EXERCISE DIRECTIONS: Would you print the records below from the first line through the line containing "In the UiPath", skipping the pictures?
[[ RECORDS PROVIDED, beginning ]]
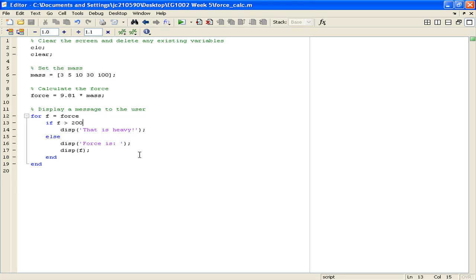Similarly, the closest thing to returning outputs in a script would be forcing a display to the screen, such as using the display instruction as seen down here.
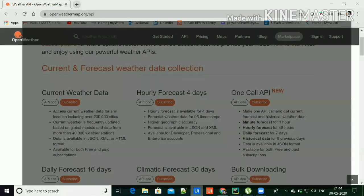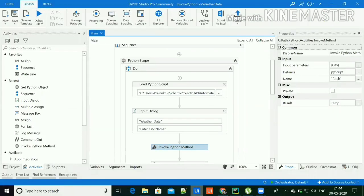In the UiPath studio, I'm calling the Python script that I have created and asking the user for the city name and showing the weather data of that city.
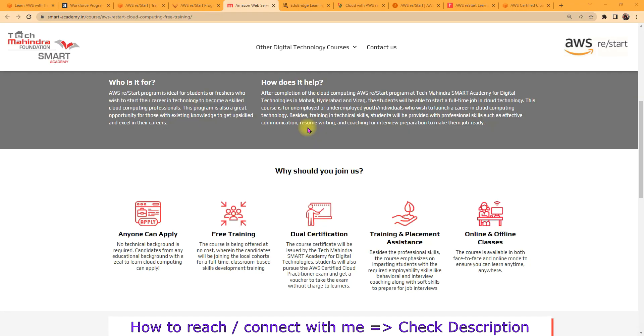Hey guys, if you are unemployed or underemployed, meaning if you are working part-time or you are not able to get a job due to lack of expertise or skills which is in demand, then there is good news for you from AWS. They are offering help to 29 million people, and how they are helping is they are going to provide you 12 weeks full-time training with job assistance.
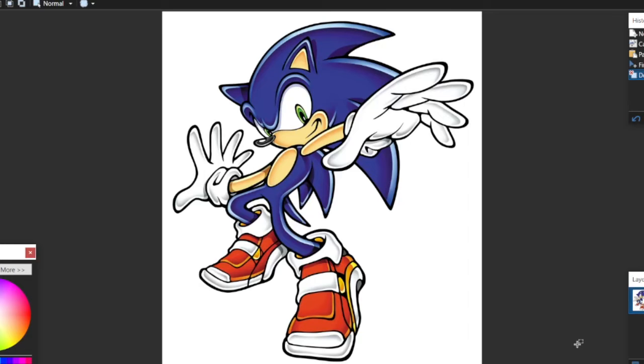How to make your own Sonic OC for free. First you will need a paint program. For this video, I will use paint.net.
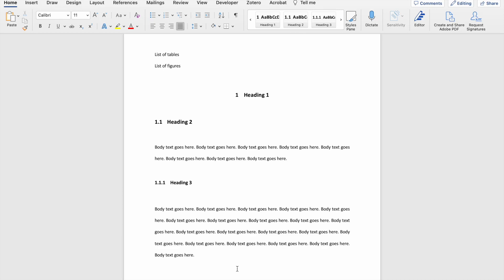In this video, I'm going to show you how to make use of the pilcrow or the paragraph mark. The paragraph mark can be found in the Home tab and it's this little figure that looks like a backwards P. The pilcrow or the paragraph mark basically helps you see the formatting within your document.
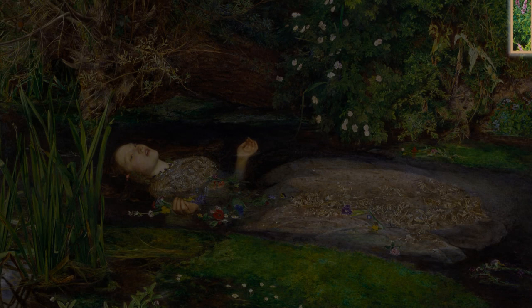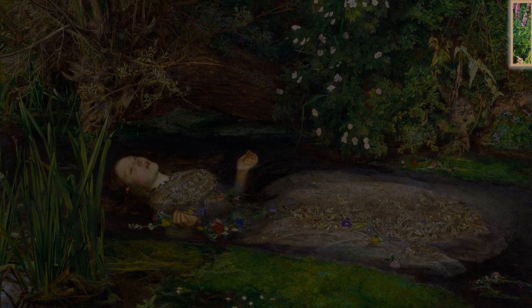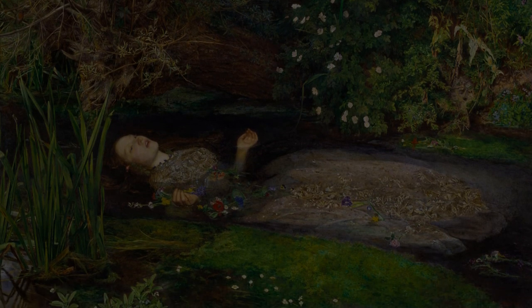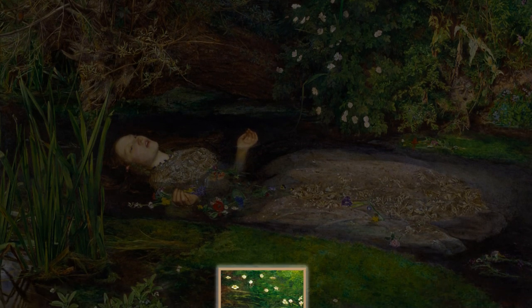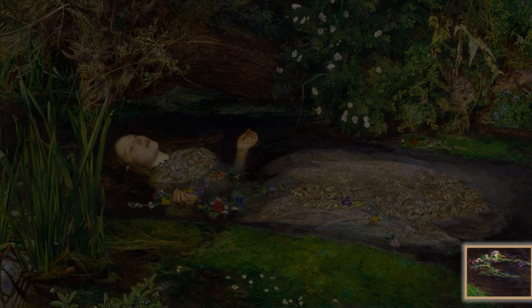The purple loosestrife alludes to long purples in the play. Crow flowers in the foreground symbolize ingratitude or childishness. Fritillary floating between the dress and the water's edge symbolizes Ophelia's sorrow.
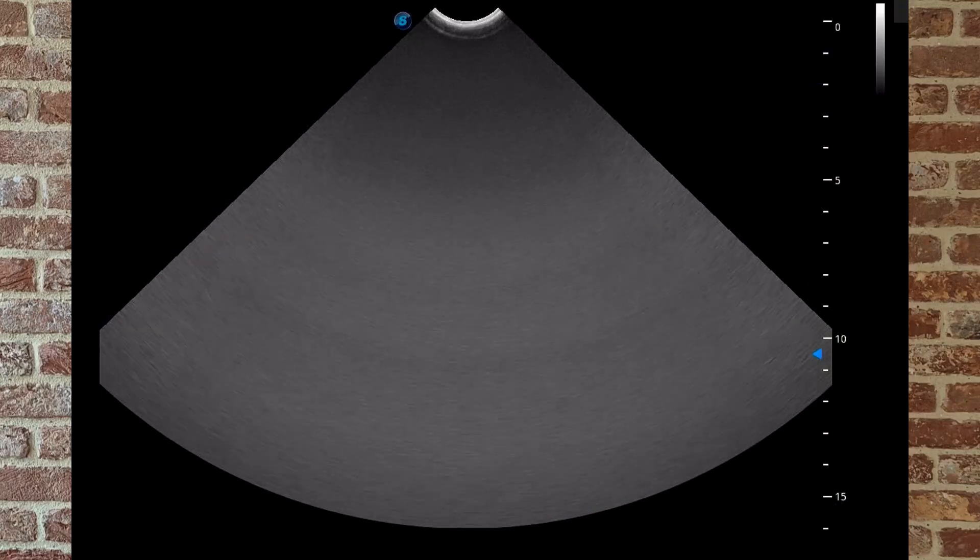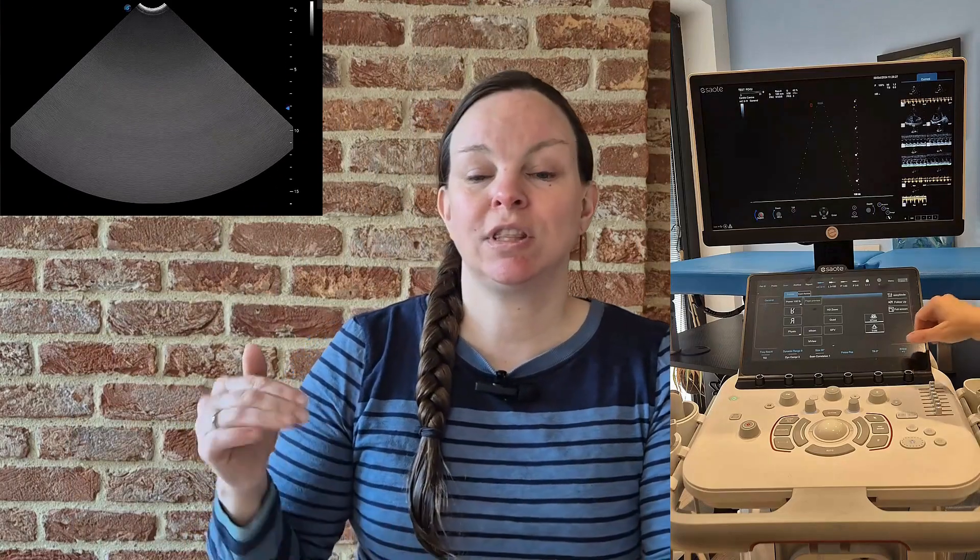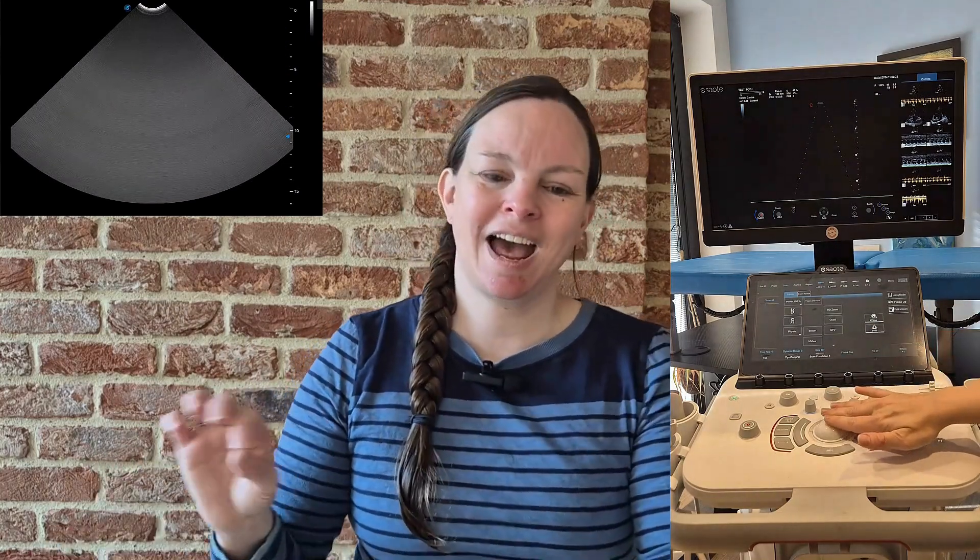On most machines the focal zone is marked with a triangle or chevron on the edge of the image. You can move it up and down using the trackball or a button labeled 'focal zone' or 'focal position.' Place it at or just below the structure you are interested in — that's where you'll get the most quality diagnostic image. Some machines allow you to set multiple focal zones, which can be useful, but remember more zones means a slower frame rate. For anything moving, like the heart or a panting animal, stick to one focal zone.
[[ RECORDS PROVIDED, end ]]
WRITTEN RESPONSE:
Similarly, the closest thing to returning outputs in a script would be forcing a display to the screen, such as using the display instruction as seen down here.
In the UiPath studio, I'm calling the Python script that I have created and asking the user for the city name and showing the weather data of that city.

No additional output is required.